Greetings Experts,
We are migrating from AIX to RHEL Linux. I have created a script to verify and report the NULLs and SPACEs in the key columns and duplicates on key combination of "|" delimited set of big files. Following is the code that was successfully running in AIX.

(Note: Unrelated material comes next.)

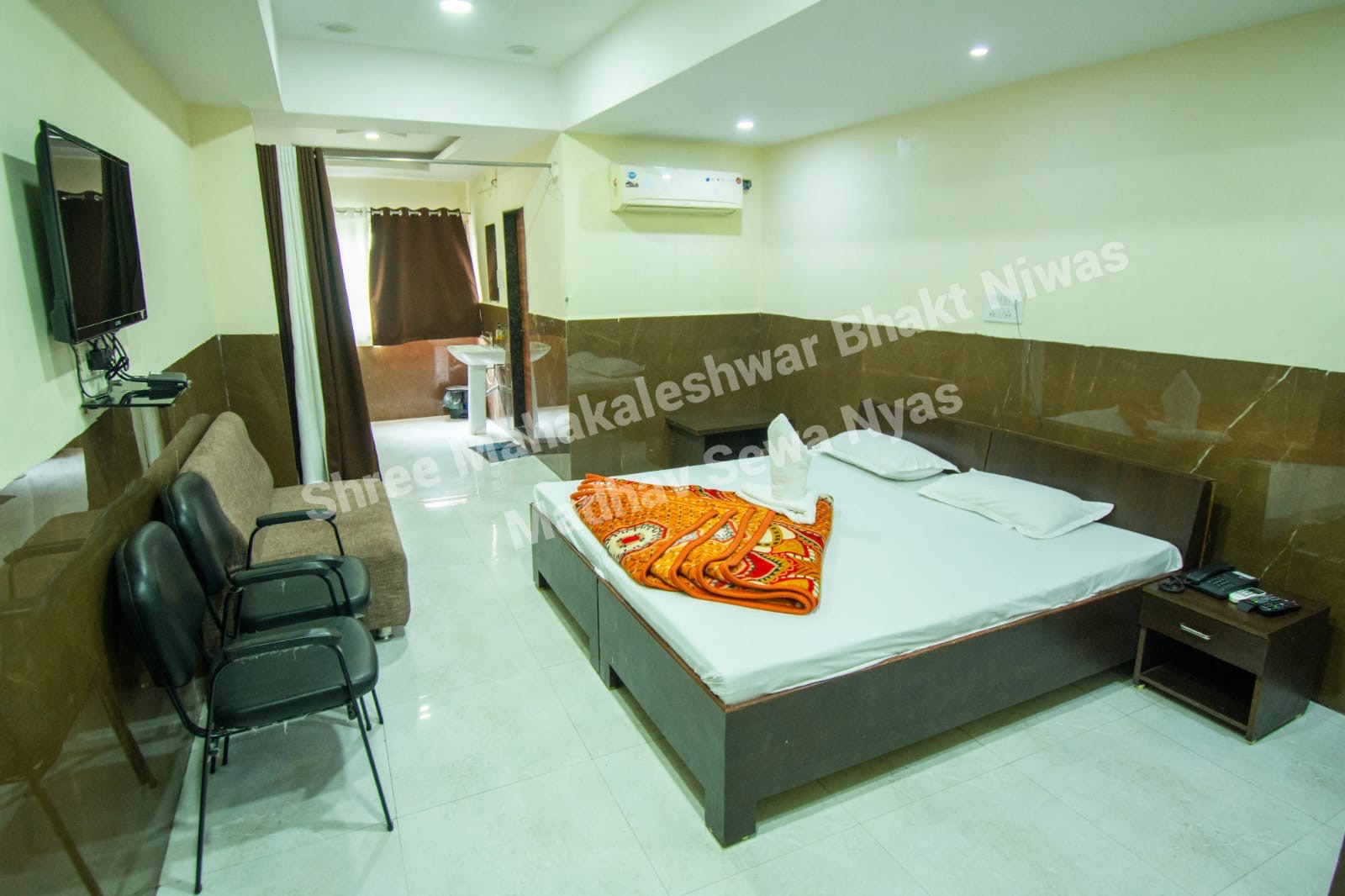 Deluxe room with AC and TV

awk -F "|" 'BEGIN { OFS="|" ; null_blank_flag="NO"; duplicate_flag="NO"} {
if (NR == 1) # Header record, get the key column names
{if (substr(FILENAME,length(FILENAME)-6,3) == "abc") { a_key_cols[$1 OFS $2]=$1 "," $2 }
{if (substr(FILENAME,length(FILENAME)-6,3) == "def") { a_key_cols[$1 OFS $2 OFS $3]=$1 "," $2 "," $3}
{if (substr(FILENAME,length(FILENAME)-6,3) == "ghi") { a_key_cols[$1 OFS $2 OFS $3 OFS $4]=$1 "," $2 "," $3 "," $4}
}
if (NR >= 2)
{ if (substr(FILENAME,length(FILENAME)-6,3) == "abc") { a[$1 OFS $2]++ }
{if (substr(FILENAME,length(FILENAME)-6,3) == "def") { a[$1 OFS $2 OFS $3]++ }
{if (substr(FILENAME,length(FILENAME)-6,3) == "ghi") { a[$1 OFS $2 OFS $3 OFS $4]++}
}
}
END { for (i in a) { n=split(i,arry,OFS);
for (k=1;k<=n;k++) {
gsub(" ","",arry[k]);
if ( (! arry[k]) && ( arry[k] != "0" )) { null_blank_flag="YES" } }
if ( a >= 2 ) { duplicate_flag="YES" }
print "Filename " FILENAME " null/blank flag: " null_blank_flag " and duplicate flag: " duplicate_flag
} ' file_name_*.txt
I had to use the condition arry[k] != "0"
because as AWK is treating 0 as NULL and it may be valid value in the file. Please note that the key values change depending on the file name and the key column has SHA_encrypted account numbers like 02djfdf93ikdkjdfkdf3
and 0e123458939393
etc. Please ignore any syntax issues in script as I am not able to copy/paste the working code as it in another machine and the number of characters in the encrypted account_number
When ran this script in Linux, the encrypted account numbers which follows the format 0e[0-9]+
is being interpreted as scientific notation as 0*10 power of [0-9]+
where as in AIX this is interpreted as string itself and doesn't set the null_blank_flag to yes.
**AIX**
echo "abc|0e123456789|xyz|1234|kdkd|dfs" | awk -F "|" '{ if ( ! $2 ) { print $2 " is empty or NULL " } else { print $2 " is not empty "}}'
output: 0e123456789 is not empty
**RHEL LINUX**
echo "abc|0e123456789|xyz|1234|kdkd|dfs" | awk -F "|" '{ if ( ! $2 ) { print $2 " is empty or NULL " } else { print $2 " is not empty "}}'
output: 0e123456789 is empty or NULL
grep
may be a choice and I think I need to read the file twice to check for the null/blank and duplicates on the keys and hence resorted to awk.
As a[$1 OFS $2 OFS $3 OFS $4]++
array index is string for most of the data in the file, I had expected the array index that was built will also be string $1 OFS $2 OFS $3 OFS $4
. Will it change from string to integers even though the first record file entry after header is string. Will the strings convert to integer during the split n=split(i,arry,OFS); ...; arry[k]
The interesting part is the output from the Linux version is also 0e123456789 which confirms that $2 is 0e123456789
. Now where is the issue occurring which transforms $2 value to 0
Can you please explain how to make awk/shell to interpret 0e[0-9]+
as string instead of number. Thank you for your time.